▶ _Source material_

--------

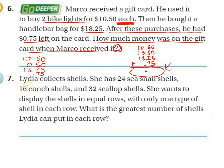Alright, number 7. Lydia collects shells. She has 24 sea snail shells — sea snail shells, say that 10 times fast.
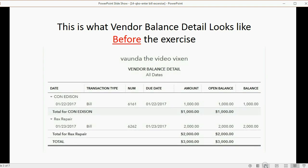This is what the vendor balance detail should look like before you start the exercise. Remember, we only recorded two bills.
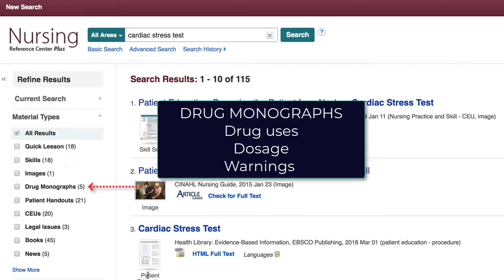Back on the results page, let's look at the Drug Monograph material type. Narrowing to this type allows us to view information about specific drugs used in a cardiac stress test. Click the title of a source to learn the drugs, uses, dosage, warnings, and more.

--------

▶ _Try it_
Once the pictures are removed, print all the remaining data exactly as it stands.

▶ _Solution to the exercise_
Alright, number 7. Lydia collects shells. She has 24 sea snail shells — sea snail shells, say that 10 times fast.
This is what the vendor balance detail should look like before you start the exercise. Remember, we only recorded two bills.
Back on the results page, let's look at the Drug Monograph material type. Narrowing to this type allows us to view information about specific drugs used in a cardiac stress test. Click the title of a source to learn the drugs, uses, dosage, warnings, and more.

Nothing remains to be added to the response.